URLs and i18n

Keld J|rn Simonsen (keld@dkuug.dk)
Wed, 31 Jan 1996 12:37:40 +0100

Message-Id: <199601311137.MAA11637@dkuug.dk>
From: keld@dkuug.dk (Keld J|rn Simonsen)
Date: Wed, 31 Jan 1996 12:37:40 +0100
To: uri@bunyip.com
Subject: URLs and i18n

Dan.Oscarsson@malmo.trab.se writes:

> >I propose that any character here be allowed, except for the 
> >URL syntax characters, (things like < / : ) - in the non-DNS
> >part of the URL. Remember these are abstract characters, and
> >there is no binding to for example ISO 10646 in the sense
> >of a character repertoire, or to any encoding (charset).

> In part this is what I said in my original message. I suggested
> that it could be defined that if characters are not encoded,
> they should be assumed to be coded as 10646 when transmitted
> digitally. Of cource on could add a charset tag like:
> http://host.x.y(iso 8859-1)/dir1/file.html
> if the need is to use an other coding than 10646.
> As long as the characters used are of the iso 8859-1 subset, a
> URL could be transmitted with 8-bit bytes as of today.

OK, I got your point that iso-8859-1 is the http default.
Anything else should be labelled in some way by http.
> About DNS - I never suggested that we should be allowed to use
> 8-bit characters in DNS (though DNS can handle 8-bit characters).
> It is the part after locationpart that need i18n.
> DNS part does not belong to these working groups, though it is
> high time 8-bit characters were allowed in DNS too.
I have explicitely kept DNS out of the discussion, so we agree.
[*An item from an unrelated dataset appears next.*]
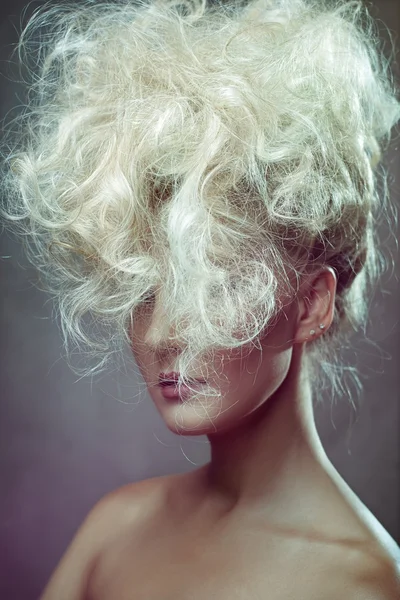 Bella donna con i capelli ricci su sfondo grigio — Foto Stock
> >2. Use of URLs in HTTP.
> >
> >Here Franc,ois proposes UTF-8. In principle I sympatise with
> >this proposal - and I could agree to this being the default.
> >The current state is that only a restricted US-ASCII set is allowed,
> >and for octets with the high bit (codes 128-255) you can use
> >the %xx to keep it in 7-bit representation.
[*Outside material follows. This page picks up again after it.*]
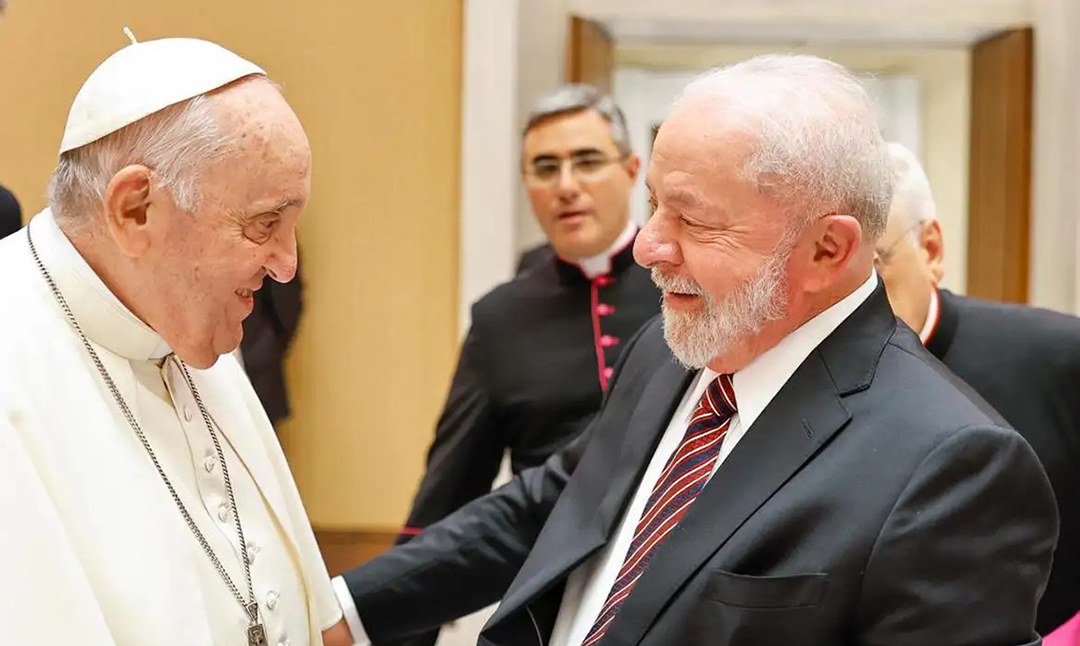 Foto: Ricardo Stuckert/PR Lula decreta luto oficial de sete dias pela morte do Papa Francisco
> HTTP is defined as 8-bit and there is nothing forbidding 8-bit
> characters to be used in HTTP today. Most servers work fine if
> you send them 8-bit characters, I do it every day.
> UTF-8 would break current usage. Basic character set of HTTP/HTML
> is iso 8859-1, UTF-8 is not iso 8859-1 compatible.

Except that URLs are defined to be 7-bit. I agree that UTF-8 and
iso-8859-1 are conflicting.
> >Also I think the burden should be placed on the server rather than the
> >client, as it is the server which is specialized and references
> >a store with the need, while every client in the world should be
> >able to reference that specific server's data (via eg. URLs coming
> >from other documents.) The server is where the intelligense is 
> >needed and can be expected, while the client may stay dumb.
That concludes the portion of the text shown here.